Tribunal Provincial de Benguela

O administrador municipal do Balombo (província de Benguela), Júlio Cuanza Santos, em prisão preventiva há cinco dias por suspeita de corrupção, viu abortado um expediente com o seu advogado, no domingo, 12, por força de alegadas ‘’ordens superiores na penitenciária da cidade do Lobito.

A denúncia, já desmentida pela Procuradoria-geral da República (PGR), é apresentada pelo advogado do arguido, António da Cruz, que prepara uma nota de repúdio pelo que chama de atropelo a normas constitucionais.

O causídico, que diz ter sido travado por guardas prisionais, espera que o repúdio chegue à PGR, o fiscal da legalidade, por via da Ordem dos Advogados, que estará já em posse da mensagem.

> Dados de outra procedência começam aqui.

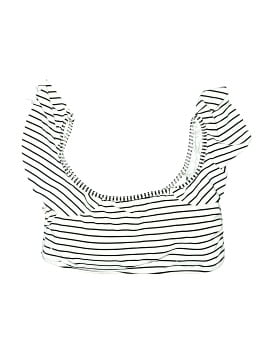 Vince Camuto Swimsuit Top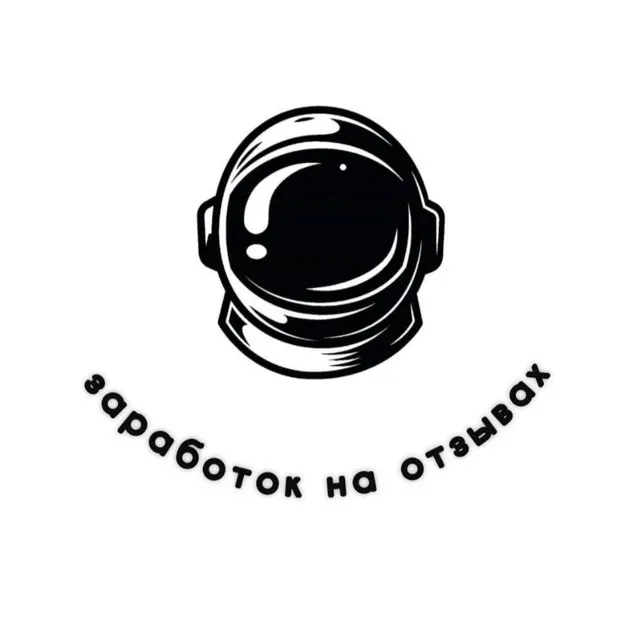 Заработок на Отзывах — отзывы и рейтинг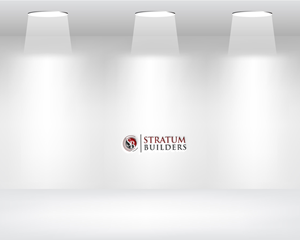 Logo Design by Daniel Khan for this project | Design: #34535810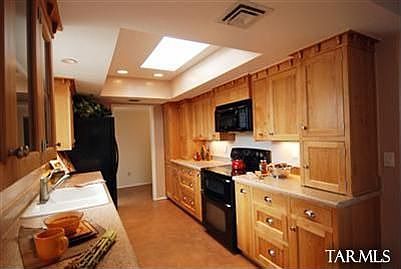 1st image of 5720 E Camino Del Tronido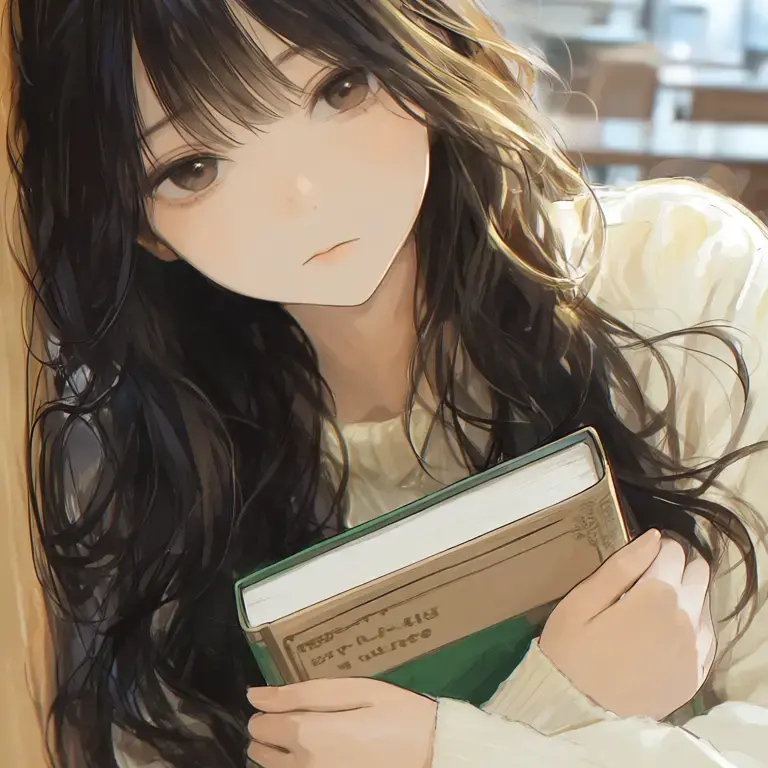 VapidPoco5851의 大学生活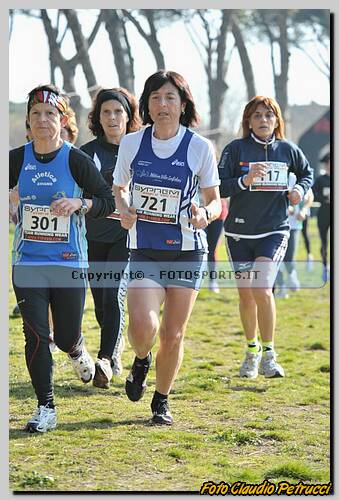
20090222CP115.jpg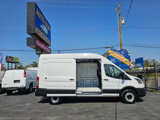 Used 2022 Ford Transit 250 148 High Roof image 5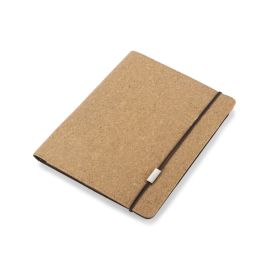 07172-09.jpg produktbild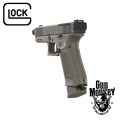 Pistolet Glock 45 (Hunter Edition) FS M13,5 kal. 9x19 (75952)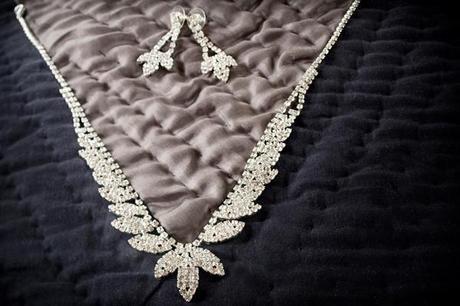 wedding blog photography (40) wedding photography by Louise Bjorling (40)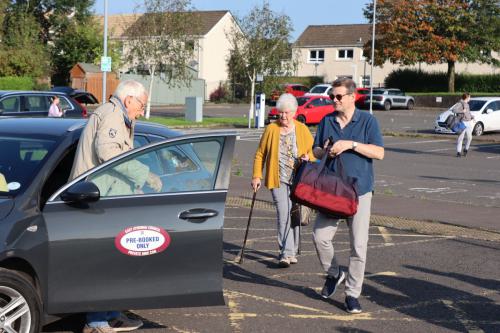 Bei-Dunlop-TTC-in-Schottland-Tag-1-Turnier-Pub Fotograf Torsten-Thiburra 009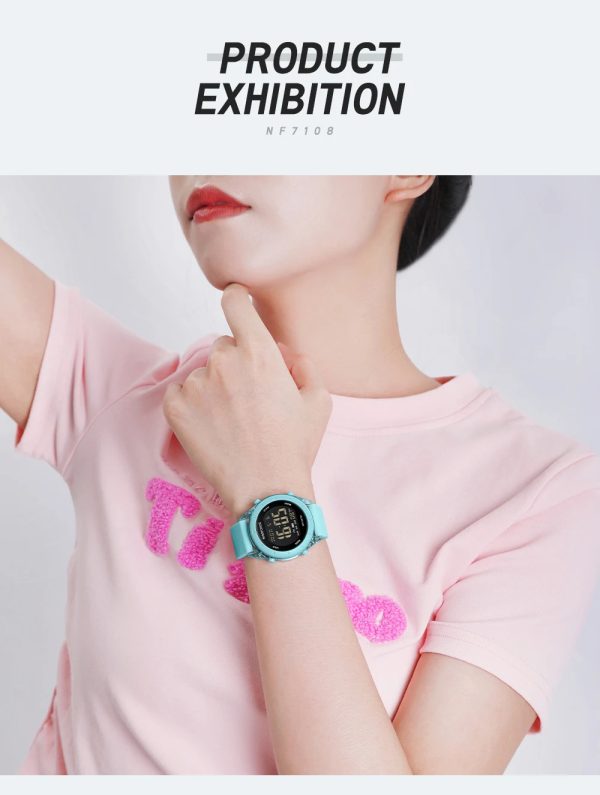 img_aliexpress_1737396075_8.jpeg 9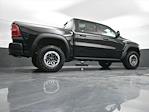 New 2026 Ram 1500 TRX Crew Cab for sale #39T1209 - photo 40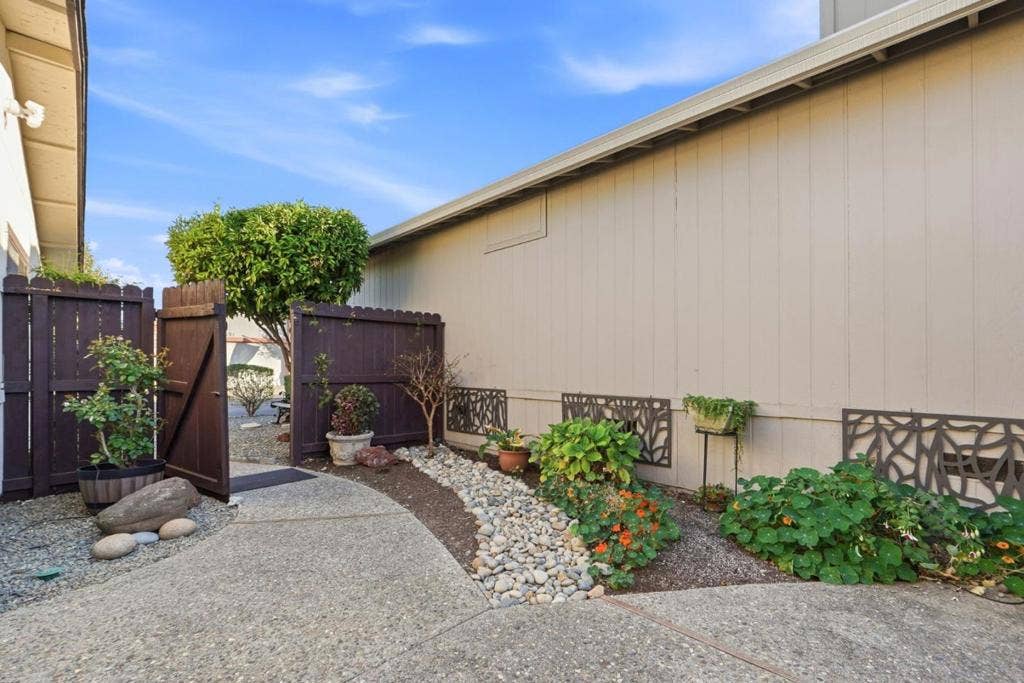 262 Forest Avenue, #262, Morgan Hill, CA 95037 262 Forest Avenue, #262, Morgan Hill, CA 95037
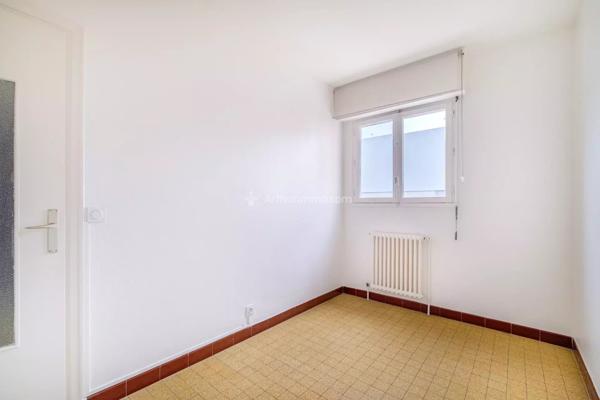 Location Appartement 3 pièces 81 m2 à Lyon 6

‘’Procurei saber de quem é a ordem superior, mas não me conseguiam responder. Isto viola o estatuto da ordem dos advogados, viola normas constitucionais e direitos dos arguidos.Está em contramão com o discurso do Presidente da República, que diz que as ordens superiores devem ter rosto’’, lamenta o advogado.

Da Cruz sublinha que não pôde, por conseguinte, conversar com outros constituintes, os quatro gestores em prisão preventiva no quadro do mesmo processo, relativo a tráfico de bens roubados, tráfico de influência, associação criminosa e recebimento indevido de vantagem.

Fontes da VOA dizem que Cuanza Santos é suspeito do desvio de adubos adquiridos com fundos públicos para famílias camponesas, tendo a venda do produto, no valor de 25 milhões de kwanzas, encontrado na conta de uma empresa privada.

Em breves considerações, o sub-procurador-geral da República titular de Benguela, Carlos Costa, disse não acreditar na versão do advogado e salientou que o cumprimento das leis tem sido uma realidade nos estabelecimentos prisionais.

Posição similar tem o diretor provincial dos Serviços Penitenciários, Manuel Soma, que reconhece os direitos dos reclusos.

‘’Não trabalhamos com ‘ordens superiores’, trabalhamos com as leis, e as leis dizem que os reclusos devem ter contato com os advogados. Ele que vá ter com o diretor do estabelecimento, vai exercer o trabalho normalmente’’, assegura Manuel Soma.

Júlio da Silva Cuanza Santos e quatro colaboradores foram detidos pelo Serviço de Investigação Criminal (SIC), na quinta-feira, 9, porsuspeita de associação criminosa, tráfico de bens roubados e outros crimes, soube a VOA de fontes judiciais.